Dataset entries

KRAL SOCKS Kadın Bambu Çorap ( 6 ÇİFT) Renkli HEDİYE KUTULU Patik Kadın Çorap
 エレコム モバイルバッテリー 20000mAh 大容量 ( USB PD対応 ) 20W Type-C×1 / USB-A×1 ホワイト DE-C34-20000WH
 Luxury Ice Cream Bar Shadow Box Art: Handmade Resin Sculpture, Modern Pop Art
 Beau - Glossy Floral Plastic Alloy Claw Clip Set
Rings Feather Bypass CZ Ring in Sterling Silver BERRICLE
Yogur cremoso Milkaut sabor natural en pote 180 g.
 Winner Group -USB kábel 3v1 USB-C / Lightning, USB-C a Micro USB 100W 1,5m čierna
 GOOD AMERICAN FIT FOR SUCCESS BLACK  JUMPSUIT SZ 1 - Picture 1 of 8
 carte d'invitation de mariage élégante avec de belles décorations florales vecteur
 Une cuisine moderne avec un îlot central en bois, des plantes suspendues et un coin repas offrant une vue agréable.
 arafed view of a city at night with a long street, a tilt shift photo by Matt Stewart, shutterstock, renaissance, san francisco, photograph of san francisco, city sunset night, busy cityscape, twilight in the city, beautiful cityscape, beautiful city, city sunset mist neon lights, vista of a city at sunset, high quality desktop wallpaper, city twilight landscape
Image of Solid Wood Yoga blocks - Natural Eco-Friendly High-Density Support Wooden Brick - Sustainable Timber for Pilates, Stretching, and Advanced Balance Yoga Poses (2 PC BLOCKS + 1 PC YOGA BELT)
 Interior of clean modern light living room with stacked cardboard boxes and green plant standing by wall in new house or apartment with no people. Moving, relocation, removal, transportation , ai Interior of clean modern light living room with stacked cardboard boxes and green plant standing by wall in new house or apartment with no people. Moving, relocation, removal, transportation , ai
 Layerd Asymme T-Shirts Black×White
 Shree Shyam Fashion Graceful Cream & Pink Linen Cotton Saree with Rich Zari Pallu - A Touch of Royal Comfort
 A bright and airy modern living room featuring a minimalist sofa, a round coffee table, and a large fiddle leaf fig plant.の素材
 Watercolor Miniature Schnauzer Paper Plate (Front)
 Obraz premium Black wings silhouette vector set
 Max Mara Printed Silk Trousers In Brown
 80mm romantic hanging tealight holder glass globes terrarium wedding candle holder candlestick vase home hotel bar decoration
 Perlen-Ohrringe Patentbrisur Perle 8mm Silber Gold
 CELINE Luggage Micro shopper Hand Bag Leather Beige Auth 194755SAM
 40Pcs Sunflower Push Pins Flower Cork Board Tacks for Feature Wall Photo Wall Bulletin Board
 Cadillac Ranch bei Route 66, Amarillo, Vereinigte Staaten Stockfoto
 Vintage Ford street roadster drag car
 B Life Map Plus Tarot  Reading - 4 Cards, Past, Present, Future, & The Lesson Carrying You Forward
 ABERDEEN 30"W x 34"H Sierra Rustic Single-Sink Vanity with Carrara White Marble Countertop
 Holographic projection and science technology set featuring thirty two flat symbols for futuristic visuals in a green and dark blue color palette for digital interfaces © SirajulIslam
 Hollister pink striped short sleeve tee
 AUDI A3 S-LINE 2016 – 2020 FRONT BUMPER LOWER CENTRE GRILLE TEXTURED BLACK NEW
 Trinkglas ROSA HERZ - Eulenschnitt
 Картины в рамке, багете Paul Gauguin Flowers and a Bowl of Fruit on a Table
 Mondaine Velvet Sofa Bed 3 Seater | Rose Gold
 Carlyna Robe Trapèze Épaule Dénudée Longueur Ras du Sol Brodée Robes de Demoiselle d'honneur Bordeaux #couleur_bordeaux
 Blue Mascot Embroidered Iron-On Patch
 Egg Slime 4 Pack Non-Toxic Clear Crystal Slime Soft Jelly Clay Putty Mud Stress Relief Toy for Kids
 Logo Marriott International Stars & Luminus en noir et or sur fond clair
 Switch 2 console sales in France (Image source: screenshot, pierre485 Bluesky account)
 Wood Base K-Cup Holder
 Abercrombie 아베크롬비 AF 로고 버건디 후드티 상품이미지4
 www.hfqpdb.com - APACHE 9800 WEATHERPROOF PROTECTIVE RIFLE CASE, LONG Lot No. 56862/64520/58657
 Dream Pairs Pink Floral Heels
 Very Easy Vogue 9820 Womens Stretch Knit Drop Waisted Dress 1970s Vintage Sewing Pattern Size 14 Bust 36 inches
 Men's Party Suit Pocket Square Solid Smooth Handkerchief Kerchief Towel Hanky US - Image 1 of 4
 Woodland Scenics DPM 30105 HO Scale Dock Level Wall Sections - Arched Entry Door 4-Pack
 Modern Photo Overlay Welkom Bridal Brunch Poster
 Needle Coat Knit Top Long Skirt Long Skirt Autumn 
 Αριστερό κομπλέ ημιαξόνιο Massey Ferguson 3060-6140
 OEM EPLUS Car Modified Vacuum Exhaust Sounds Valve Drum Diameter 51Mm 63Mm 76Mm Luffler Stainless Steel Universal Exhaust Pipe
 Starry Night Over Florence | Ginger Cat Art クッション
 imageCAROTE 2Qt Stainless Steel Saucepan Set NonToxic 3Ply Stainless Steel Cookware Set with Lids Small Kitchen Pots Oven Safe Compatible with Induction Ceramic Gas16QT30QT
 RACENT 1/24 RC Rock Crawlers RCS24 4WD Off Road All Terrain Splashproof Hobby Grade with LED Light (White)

_Task objective_
Copy only this part of the entries above: the line with "Woodland Scenics DPM", the line with "Starry Night Over", and the lines between, all exactly as written.

_Result_
 Woodland Scenics DPM 30105 HO Scale Dock Level Wall Sections - Arched Entry Door 4-Pack
 Modern Photo Overlay Welkom Bridal Brunch Poster
 Needle Coat Knit Top Long Skirt Long Skirt Autumn 
 Αριστερό κομπλέ ημιαξόνιο Massey Ferguson 3060-6140
 OEM EPLUS Car Modified Vacuum Exhaust Sounds Valve Drum Diameter 51Mm 63Mm 76Mm Luffler Stainless Steel Universal Exhaust Pipe
 Starry Night Over Florence | Ginger Cat Art クッション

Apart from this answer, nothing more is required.